Statista published a report dated: Dec 12, 2022 on the complications and difficulties faced by internally displaced persons in Nigeria as follows:
Nigeria has the third highest number of internally displaced persons (IDPs) in Africa. In 2020, it counted 2.7 million internally displaced people. Overall, Africa has the largest number of IDPs in the world.
Internally displaced persons are persons who are forced to leave their house but remain within their country’s borders.

Then Dr Mercel Mbamalu a journalist published a in punchng dated 4th September 2025, and made the following germane points on the issues of IDPS in the country.

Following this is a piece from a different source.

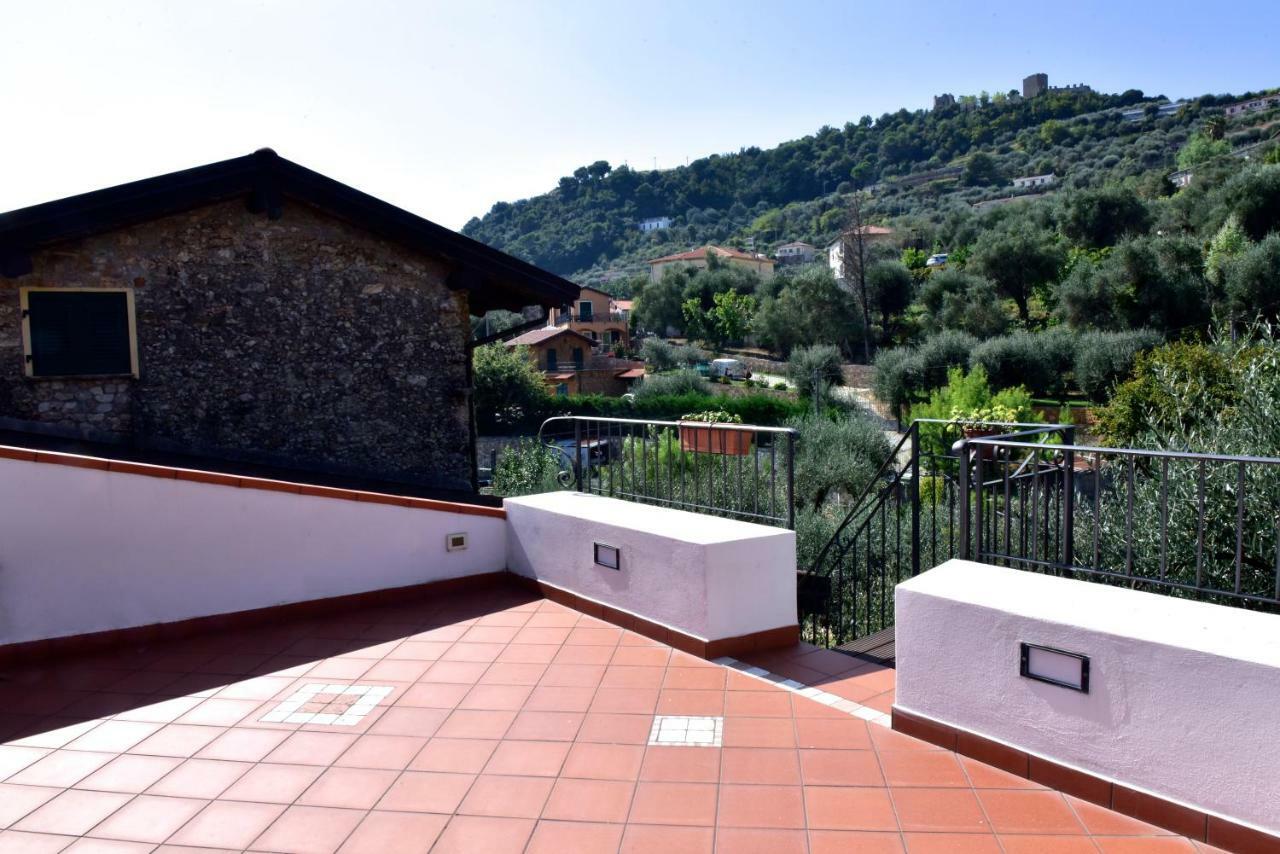 Locanda Dei Boi Hotel Ventimiglia Exterior photo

He said: “As I step into the overcrowded IDP camps, I’m met with the haunting reality of Nigeria’s humanitarian crisis. Over 3 million internally displaced persons are struggling to survive, their lives ravaged by insurgency, banditry, and communal clashes. The statistics are staggering: 1.8 million children at risk of severe acute malnutrition, 55 per cent of IDPs being children pushed out of schools, and at least 18 people dying daily at the Bama camp, Borno State. The European Union’s recent aid commitments, including €35 million in humanitarian assistance, are a lifeline; however, the Nigerian government’s response has been woefully inadequate, with chronic underfunding, mismanagement, and corruption exacerbating the crisis.

The impact of the US aid withdrawal continues to reverberate globally. In January 2025, President Trump issued an executive order, “Reevaluating and Realigning United States Foreign Aid”. The programme effectively suspends large portions of aid delivered through USAID, including health sector funding for vaccines and treatments for diseases, such as HIV/AIDS, tuberculosis and malaria, as well as humanitarian assistance programmes.

Other Western donors, such as the UK, France, Germany and Sweden, also significantly reduced foreign aid budgets in 2024 and 2025, thereby increasing financial pressure on many developing countries.
There are human beings behind the vague statistics we scroll past on our phones: mothers who wake up with the cold at dawn because the thin plastic sheet over their family’s sleeping place does not stop the rain; children who go to sleep hungry because food distributions are late or absent; survivors of sexual violence who cannot find a single safe, confidential place to report abuse or heal. These are not abstractions. They are internally displaced persons (IDPs); people forced from their homes by conflict, violence, or disasters, who remain within their countries’ borders yet live daily lives that are often more precarious than refugees or even the poorest citizens. The moral and legal truth is simple: IDPs have human rights. The political and practical response, however, is woefully behind that fact.”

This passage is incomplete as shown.